# Re: [isabelle] Simplifier not simplifying statement

Ah, my apologies. I believe I misunderstood how the simplifier works, and was expecting it to immediately recognize when a given rule corresponds exactly to a subgoal.
Is there any proof method that does this instead?
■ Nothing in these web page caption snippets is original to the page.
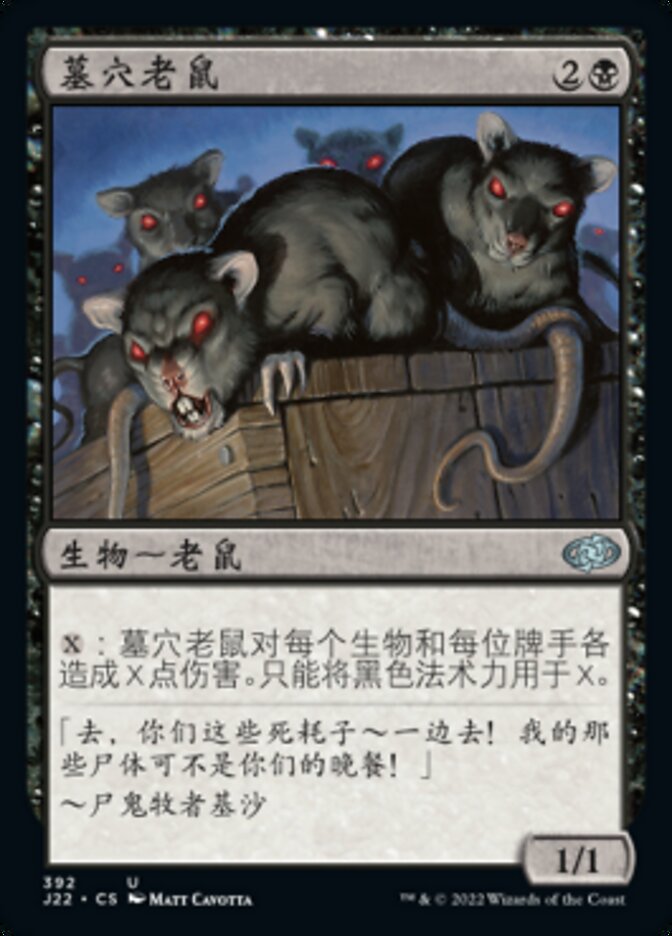 墓穴老鼠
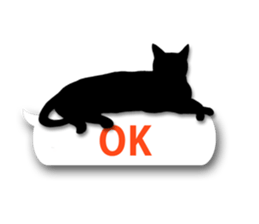 4920951
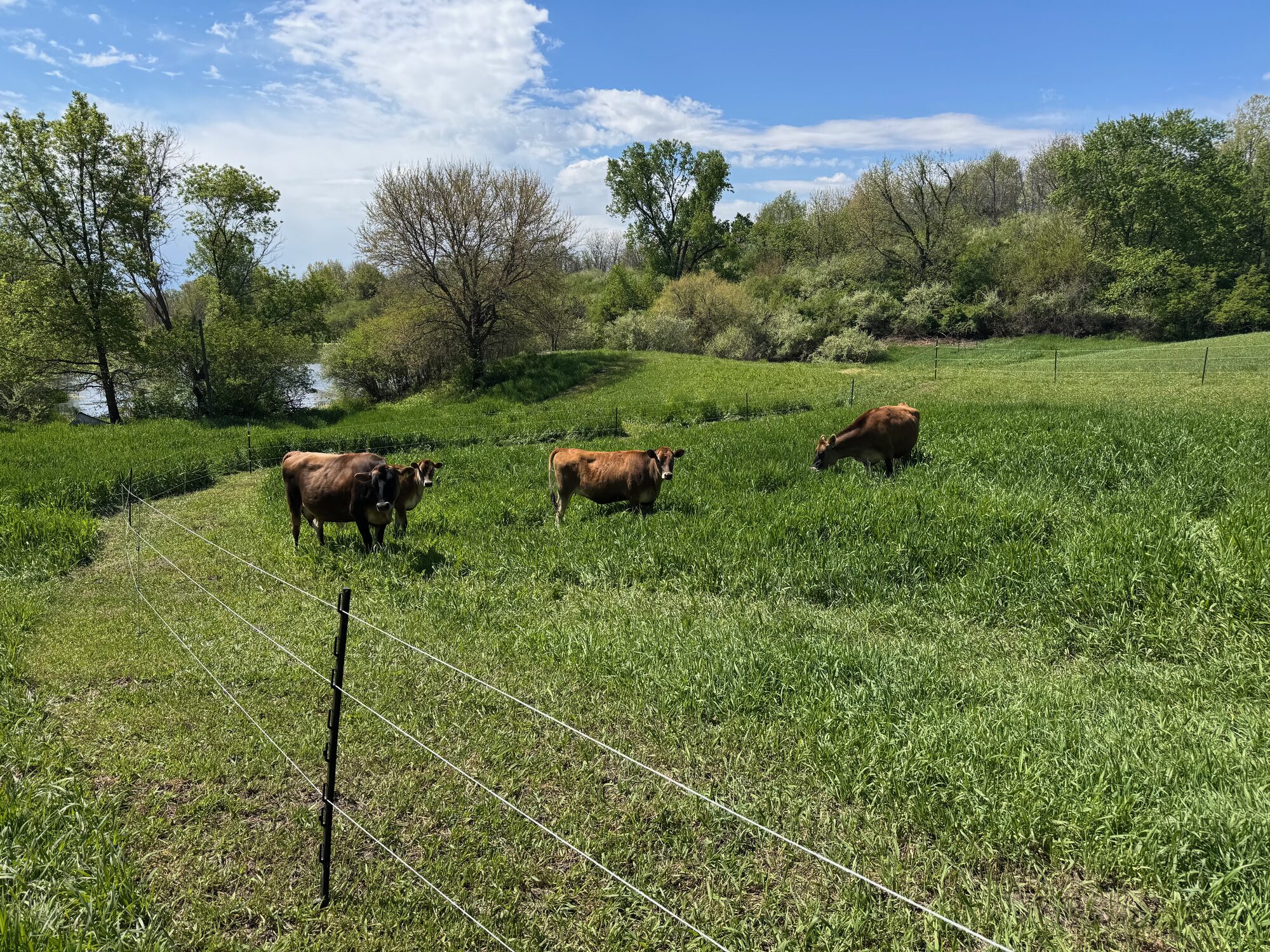 The Jersey herd grazing on green pasture by the pond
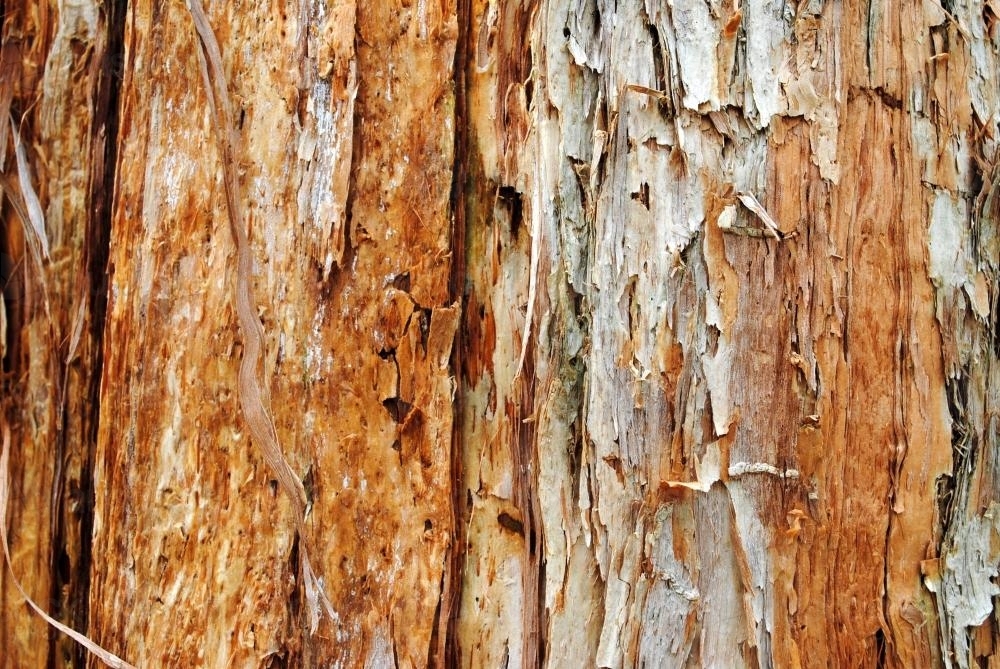 Close-up photo of the bark on a gum tree - Australian Stock Image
I was able to use "apply (rule lemma1)" to obtain three new subgoals
 1. !!x. A : U ==> B : U ==> x : A ==> A : U
2. !!x. A : U ==> B : U ==> x : A ==> B : U
3. !!x. A : U ==> B : U ==> x : A ==> x : A


which I then apply simp to prove, but it would be nice if I could write something like "apply (lemma lemma1)" when I have a proof state with \phi as a subgoal, and have already previously proved \phi. I've looked in the docs but haven't quite found something like this.

Best,
Josh

On Wed, 23 May 2018 17:30:39 +0200
"Joshua Chen" <joshua.chen at uni-bonn.de> wrote:

Dear Isabelle users,


I am working on implementing a new object type theory, and have run into the following problem when testing my function type definition (which I can provide if necessary, it's mostly the same as that in src/CTT/CTT.thy).

Code:


1 lemma lemma1: "!!x. A : U ==> B : U ==> x : A ==> \<^bold>\lambda y. x : B -> A" ..
2

3 lemma "[| A : U; B : U |] ==> \<^bold>\lambda x. \<^bold>\lambda y. x : A -> B -> A"
4   apply standard


Everything is fine up to line 5, where I try to use simp_all with lemma1.
The output after line 4 is:

proof (prove)
goal (2 subgoals):
1. A : U ==> B : U ==> A : U

2. !!x. A : U ==> B : U ==> x : A ==> \<^bold>\lambda y. x : B -> A

and after line 5:

proof (prove)
goal (1 subgoal):

1. !!x. A : U ==> B : U ==> x : A ==> \<^bold>\lambda y. x : B -> A
[1]SIMPLIFIER INVOKED ON THE FOLLOWING TERM:
A : U ==> B : U ==> A : U
[1]SIMPLIFIER INVOKED ON THE FOLLOWING TERM:

!!x. A : U ==> B : U ==> x : A ==> \<^bold>\lambda y. x : B -> A


Would anyone know why the simplifier did not use lemma1 to solve subgoal 2?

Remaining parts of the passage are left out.